Work instruction. Reproduce the data exactly as given, except for any images.

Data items

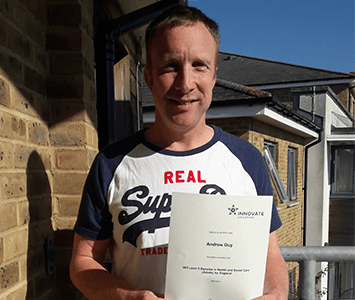 Photo of Andy Guy with his certificate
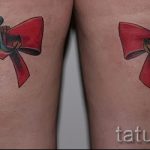 bows tattoo on his feet behind the photo - Photo example of the finished tattoo 02052016 5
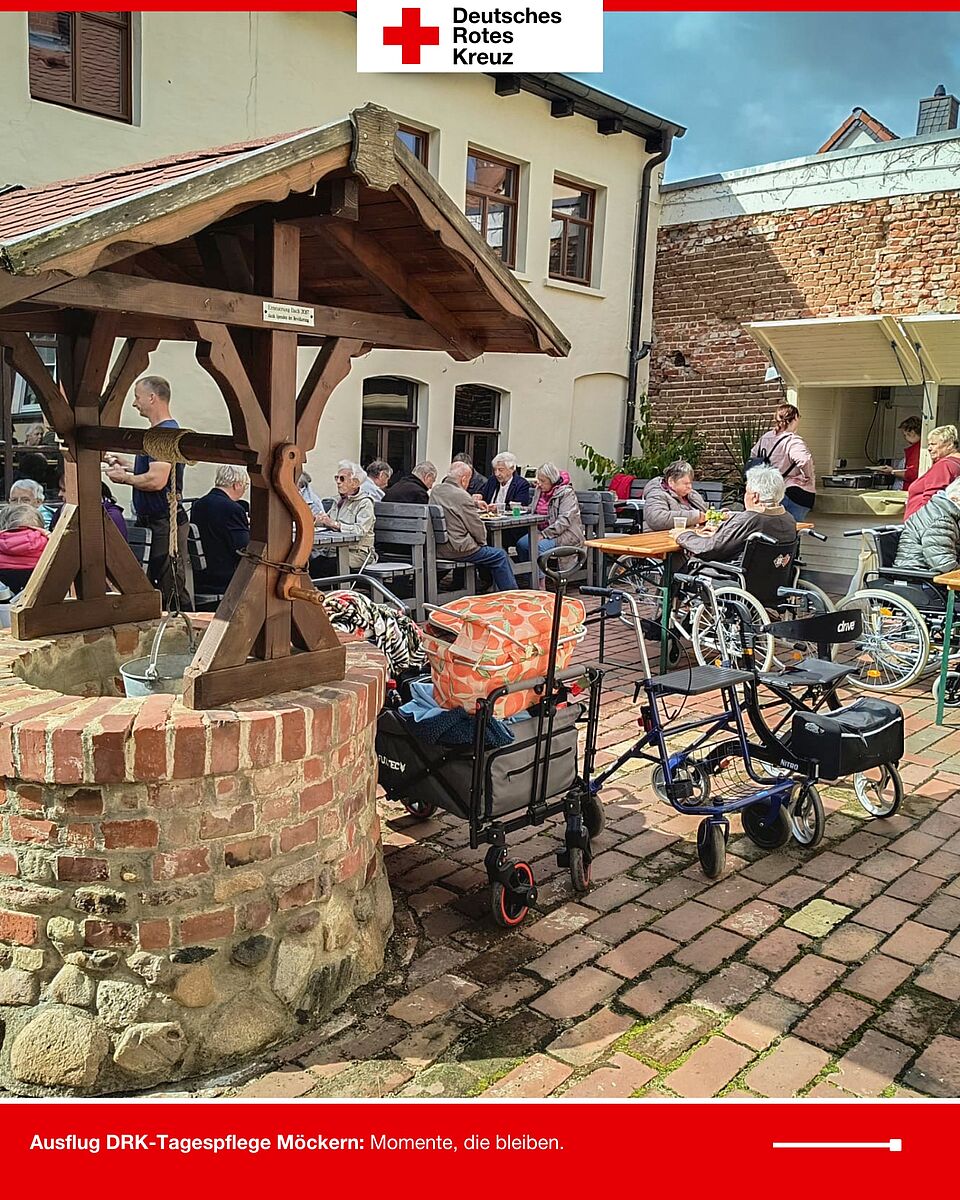 Seniorinnen und Senioren der DRK-Tagespflege Möckern sitzen im Innenhof und genießen ihr Mittagessen.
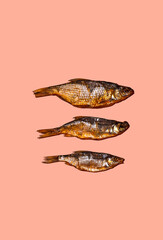 Three dried fishes on pink background, pop art style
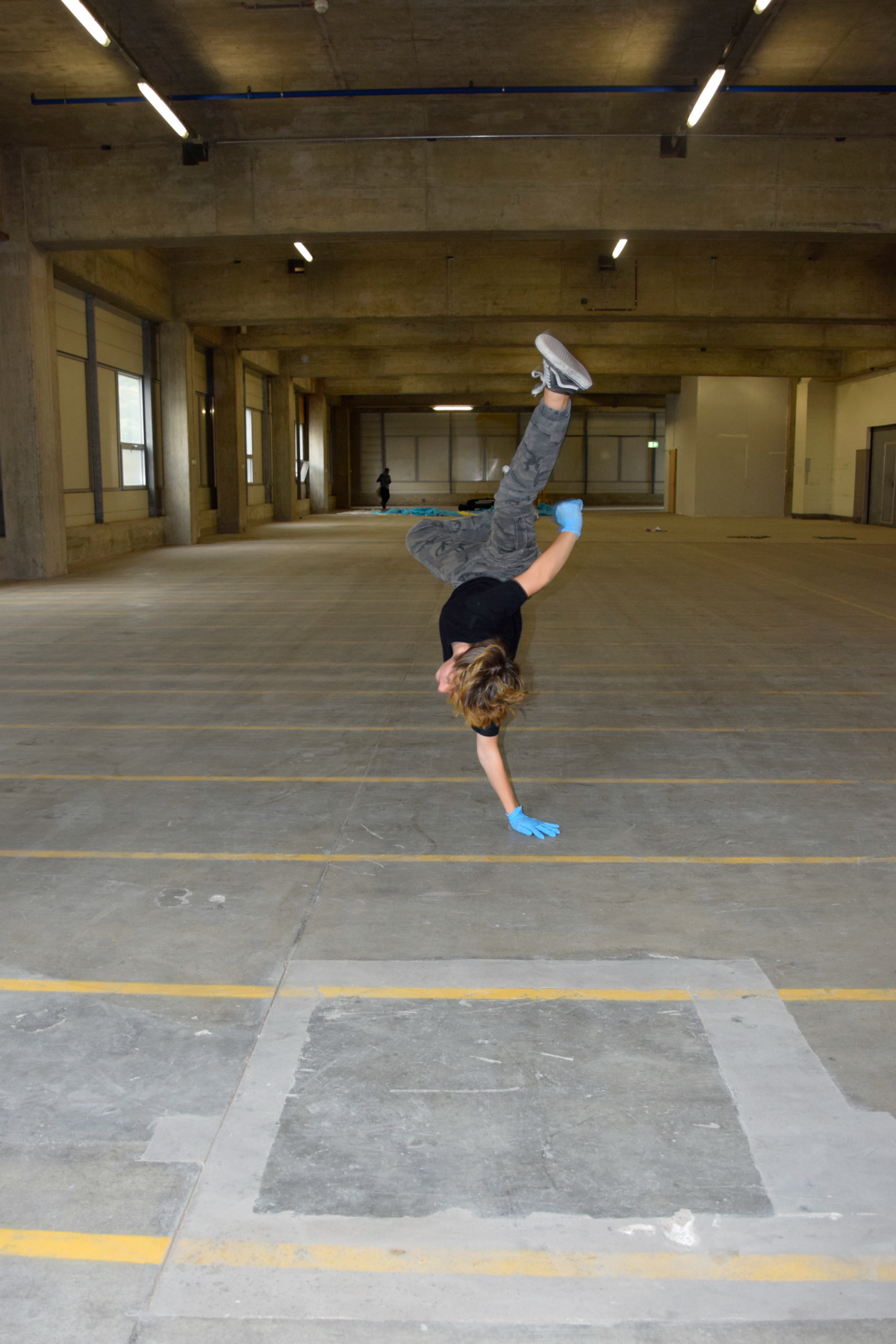Ein Kind macht in einer Parkhaus einen einarmigen Handstand und trägt hellblaue Handschuhe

Solution to the problem.
 Photo of Andy Guy with his certificate
 bows tattoo on his feet behind the photo - Photo example of the finished tattoo 02052016 5
 Seniorinnen und Senioren der DRK-Tagespflege Möckern sitzen im Innenhof und genießen ihr Mittagessen.
 Three dried fishes on pink background, pop art style
Ein Kind macht in einer Parkhaus einen einarmigen Handstand und trägt hellblaue Handschuhe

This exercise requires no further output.